KABUL, KOMPAS.com - Sejumlah perempuan Afghanistan memulai kampanye online untuk memprotes Taliban soal aturan berpakaian bagi siswa perempuan.
Menggunakan tagar seperti #DoNotTouchMyClothes dan #AfghanistanCulture, banyak yang membagikan foto pakaian tradisional mereka yang berwarna-warni.
Baca juga: Pemerintahan Sementara Taliban Atas Afghanistan Dituduh Ingkar Janji
Wartawan BBC Sodaba Haidare berbicara kepada perempuan Afghanistan yang mempelopori perlawanan di media sosial ini.
Coba ketik "pakaian tradisional Afghanistan" di Google, Anda akan terkesima melihat gaun budaya multi-warna.
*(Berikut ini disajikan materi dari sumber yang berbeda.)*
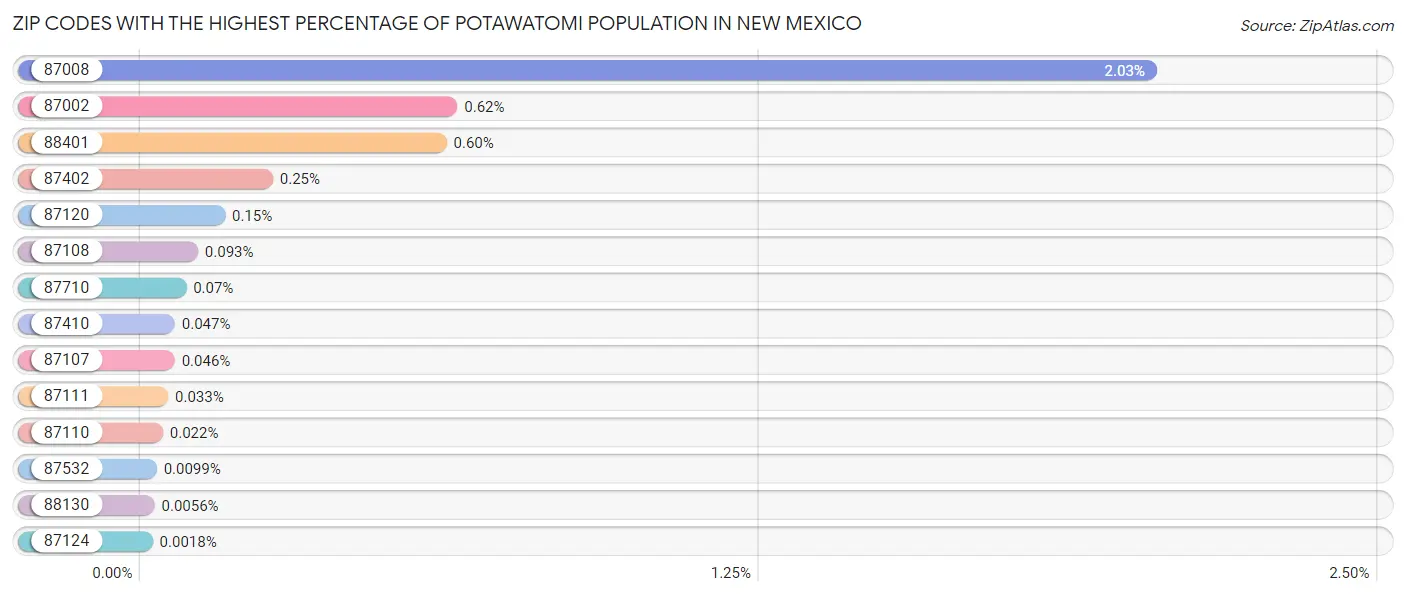 Zip Codes with the Highest Percentage of Potawatomi Population in New Mexico Chart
Masing-masing unik, dengan bordir buatan tangan dan desain berat, pernak-pernik kecil ditempatkan dengan hati-hati di sekitar dada. Sementara rok panjang dan berlipit sebagai pelengkapnya, cocok untuk diputar-putar selama "Attan" atau tarian nasional Afghanistan.
Beberapa wanita memakai topi bordir, yang lain memakai penutup kepala yang berat, semua berbeda tergantung dari daerah Afghanistan mana mereka berasal.
Versi lebih ringan dari pakaian tradisional itu dikenakan setiap hari oleh wanita yang pergi ke universitas atau tempat kerja mereka dalam 20 tahun terakhir.
Terkadang, mereka mengganti setelan bawahan dengan jeans dan syalnya disampirkan di kepala, alih-alih memanjang di bahu.
Gambar-gambar itu kontras dengan foto-foto yang dibagikan beberapa hari terakhir yang memperlihatkan perempuan Afghanistan mengenakan abaya hitam panjang bercadar.
Mereka menutupi wajah dan tangan mereka, dan berkumpul di Kabul selama akhir pekan, mengeklaim mendukung "aturan Taliban".
Dalam satu video, para perempuan yang mengadakan unjuk rasa pro-Taliban di ibu kota terlihat mengatakan perempuan Afghanistan yang memakai make-up dan pakaian modern "tidak mewakili perempuan Muslim Afghanistan".
"Kami tidak ingin hak-hak perempuan yang asing dan bertentangan dengan syariah", katanya, mengacu pada versi ketat hukum Islam yang didukung oleh Taliban.
Perempuan Afghanistan di seluruh dunia dengan cepat membalas.
Sejumlah perempuan Afghanistan menggunakan tagar seperti #DoNotTouchMyClothes dan #AfghanistanCulture untuk menegaskan kembali pakaian tradisional mereka.
Kampanye media sosial itu dimulai oleh Dr Bahar Jalali, mantan profesor sejarah di Universitas Amerika di Afghanistan.